The mask can be any filled shape. The color of the fill doesn’t matter. What’s important to Flash is the size, location, and contours of the shape. The shape will be the “peephole” through which you’ll see the content on the layer below. You can use any of the drawing tools to create your mask.

1.
Select the Rectangle tool.

2.
Choose any color for the Fill and no stroke for the Stroke.

3.
Select the top Mask layer and draw a thin rectangle just off to the left of the Stage. Make the height of the rectangle slightly larger than the Stage.

4.
Right-click/Ctrl-click the rectangle and select Create Motion Tween.


5.
Flash asks to convert the rectangular shape to a symbol so you can apply a motion tween. Click OK.

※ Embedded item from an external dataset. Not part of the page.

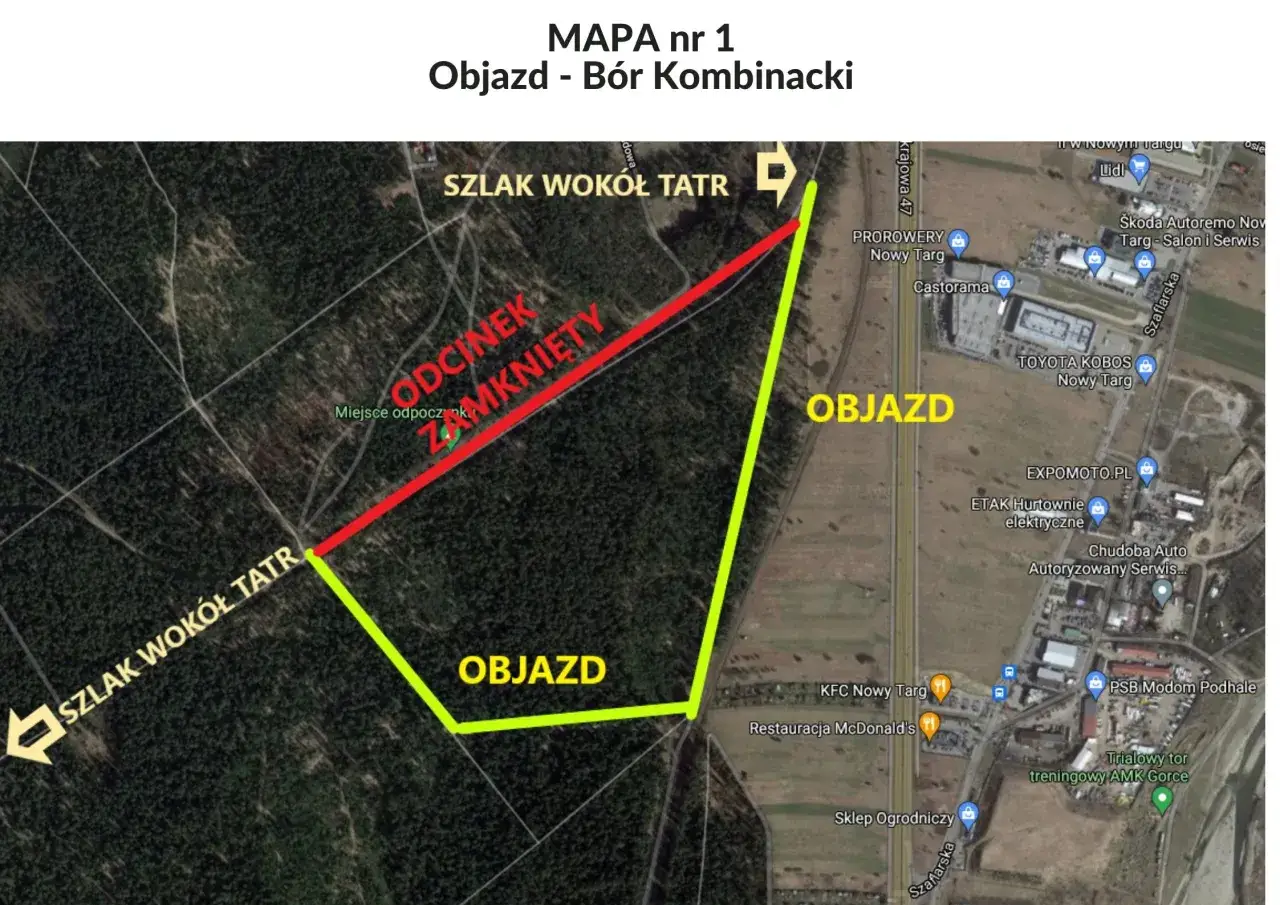 Mapa objazdu wokół Tatr. Zamknięty odcinek szlaku historyczno kulturowo przyrodniczego.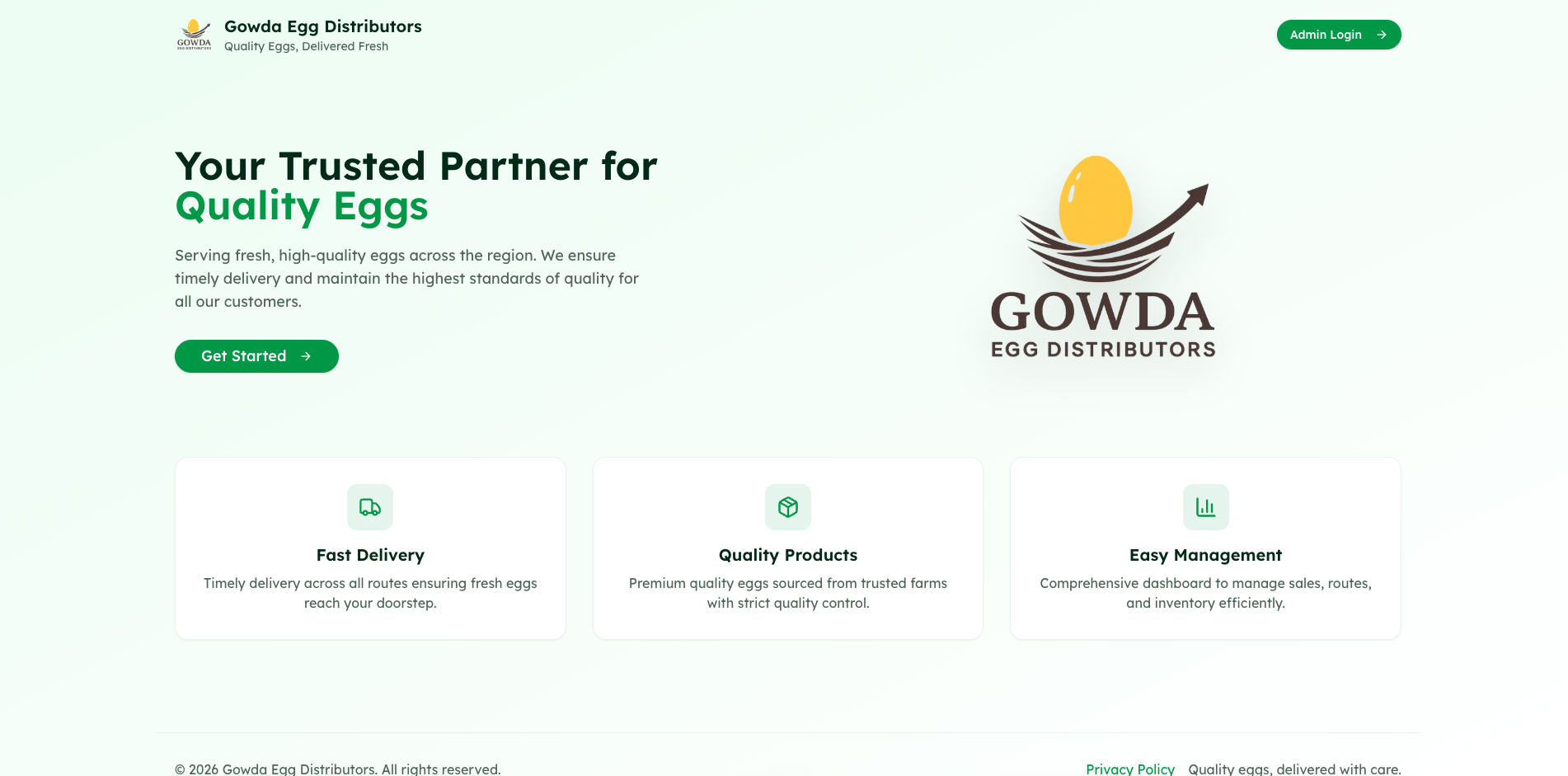 Gowda Egg Distributors web screens, screenshot 1 of 7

The top layer becomes a Tween layer, and one second’s worth of frames is added to the Timeline.

6.
Insert the same number of frames in the bottom layer.

7.
Move the playhead to the last frame, frame 24.

8.
Select the Free Transform tool.

9.
Click on the rectangular symbol.

The free transform handles appear around the rectangular symbol.

10.
Hold down the Alt/Option key and drag the right edge of the free transform handle to expand the rectangle to cover the entire Stage.

The rectangle becomes wider at the last frame. The motion tween creates a smooth animation of the rectangle growing wider and covering the Stage.

11.
To see the effects of the Mask layer on its Masked layer, lock both layers. Scrub the red playhead back and forth along the Timeline to see how the motion tween uncovers the content in the bottom layer.

12.
Insert a new layer and rename it actionscript.

13.
Insert a keyframe at frame 24 of the actionscript layer and open the Actions panel.

14.
In the Script pane of the Actions panel, enter stop();.

15.
Choose Control > Test Movie > in Flash Professional.

As the motion tween proceeds in the Mask layer, more of the Masked layer is revealed, creating a cinematic transition known as a wipe. If you open 09_workingcopy.fla and choose Control > Test Movie > in Flash Professional, and then click on the car movie clip, you’ll see that the masking effect is preserved even as it is loaded into another Flash movie.

Note

Flash does not recognize different Alpha levels of a mask. For example, a mask drawn with a fill at an Alpha value of 50% will still mask at 100%. However, with ActionScript you can dynamically create masks that will allow transparencies. Masks also do not recognize strokes.